そんな不安と,英語教師として働く楽しさを日々感じながら,私に必要なことは自分の授業を振り返り,日々改良を重ねていくことだと信じて,問題集や検定試験の参考書を読み漁り実践して改良し続ける,そんな英語教師人生を送っていました。「これもいいかもしれない!」「これも楽しそう!」と,いろいろなアイデアを得て実践してみるも,何か自分の授業に“芯”がない。
そんなときに,大学院の教授から,“Don’t believe in your experience. Believe in the empirical evidence and SLA theory.”と助言を受け,その英語授業の“芯”とは理論だということに気づいたのです。
英語教師の経験だけでは,学習者の英語力を伸ばせられない。
楽しい授業が必ずしも学習者の英語力を伸ばすとは限らない。
2年半の研究を経て,「第二言語習得理論」を芯に,小学校外国語の授業実践をし,たくさんの失敗もありましたが,それ以上に指導理論への納得と効果を感じることができました。
「○○って言うだけだよ。簡単だね」。そんなふうに教師が思った英語表現さえも,児童は言えない。そんな経験はありませんか?
「たくさん単語をリピートして練習をしたのに,やり取りのときになると子どもたちが言えない」。そんな場面はありませんか?
私も実際に経験した,これらの教師の「なぜだろう?」と思った疑問の答えが第二言語習得理論の中にありました。
また,「前に習ったときは言えたのになぜ言えないの?」や「たくさん声を出しているのに言えないのはなぜ?」と児童の理解度や定着度に先生自身が焦りを感じたことはありませんか?
第二言語習得理論で,学習者の言語習得プロセスを注意深く観察していくと,なぜ子どもたちが話せるようになったのか,なぜ子どもたちが難しさを感じるのかが見え,教師の「なぜ?」の焦り感が軽減され,児童理解が深まりました。

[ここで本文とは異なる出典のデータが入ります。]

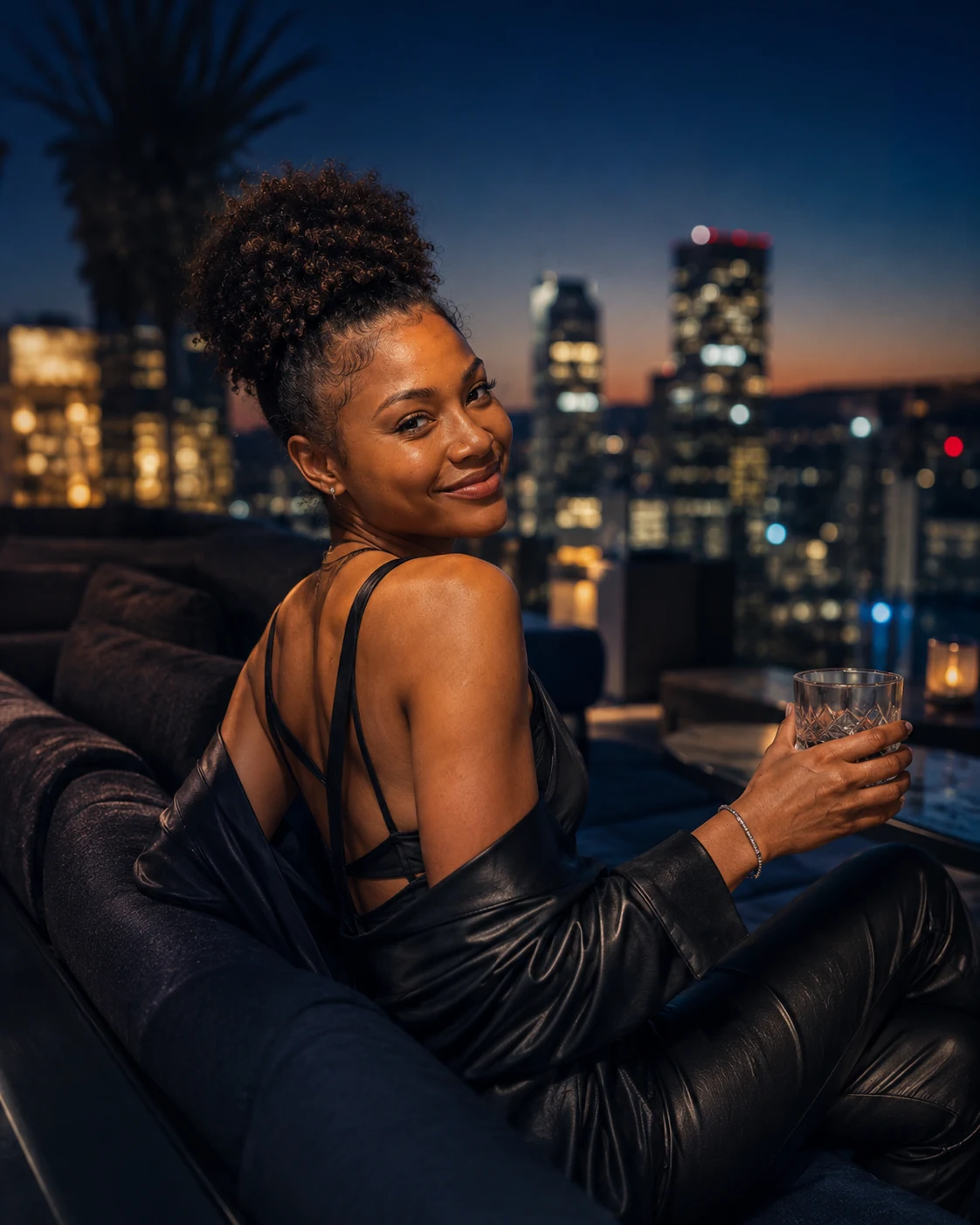 Neeris at a rooftop lounge at night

第二言語習得理論で日々の英語授業にぶれない“芯”を。
英語習得のために効率的な授業実践を。
児童の英語学習プロセスを理解して成果も間違いも受け入れられる教師に。
これらの願いを込めて,私の大学院での学びと日々の授業実践をイラスト図解とともに本書で紹介します。専門性を武器にする外国語専科の先生はもちろん,「英語の授業の進め方を一から知りたい!」という先生にぜひ読んでいただき,お役立ていただければと思います。